[INPUT DATA]
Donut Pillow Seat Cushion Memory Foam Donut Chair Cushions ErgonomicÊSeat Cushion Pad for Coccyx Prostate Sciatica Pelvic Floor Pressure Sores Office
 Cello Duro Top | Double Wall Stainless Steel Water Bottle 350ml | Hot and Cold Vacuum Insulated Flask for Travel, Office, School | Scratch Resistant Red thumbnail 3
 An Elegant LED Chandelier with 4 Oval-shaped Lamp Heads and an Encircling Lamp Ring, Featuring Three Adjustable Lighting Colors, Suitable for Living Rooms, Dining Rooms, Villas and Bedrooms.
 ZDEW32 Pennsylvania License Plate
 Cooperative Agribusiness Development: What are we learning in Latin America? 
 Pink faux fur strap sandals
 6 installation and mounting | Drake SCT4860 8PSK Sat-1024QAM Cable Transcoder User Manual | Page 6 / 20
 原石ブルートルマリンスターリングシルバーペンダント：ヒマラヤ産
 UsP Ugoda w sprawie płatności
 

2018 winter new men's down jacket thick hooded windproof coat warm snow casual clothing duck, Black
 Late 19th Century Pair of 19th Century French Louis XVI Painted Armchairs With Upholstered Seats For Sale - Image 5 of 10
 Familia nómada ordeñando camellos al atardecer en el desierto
[/INPUT DATA]
• TASK INSTRUCTIONS
Scan the data, and report each line that uses the word "Office".

• RESPONSE
Donut Pillow Seat Cushion Memory Foam Donut Chair Cushions ErgonomicÊSeat Cushion Pad for Coccyx Prostate Sciatica Pelvic Floor Pressure Sores Office
 Cello Duro Top | Double Wall Stainless Steel Water Bottle 350ml | Hot and Cold Vacuum Insulated Flask for Travel, Office, School | Scratch Resistant Red thumbnail 3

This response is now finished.